**DIRECTIONS FOR THIS TASK**. Exactly as they appear below, repeat the lines from the one with "Image of Smiling Girl in Purple" through the one with "Multi-Coloured Silver Zardosi Lehenga Set", and no others.

**SOURCE RECORDS**.
=====
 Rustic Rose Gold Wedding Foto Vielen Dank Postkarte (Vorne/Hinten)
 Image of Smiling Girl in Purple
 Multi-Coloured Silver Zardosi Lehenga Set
=====
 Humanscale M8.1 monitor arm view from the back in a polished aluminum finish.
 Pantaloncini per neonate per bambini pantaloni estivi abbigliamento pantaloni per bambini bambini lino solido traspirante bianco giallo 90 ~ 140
=====
**RESULT FOR THIS TASK**.
 Image of Smiling Girl in Purple
 Multi-Coloured Silver Zardosi Lehenga Set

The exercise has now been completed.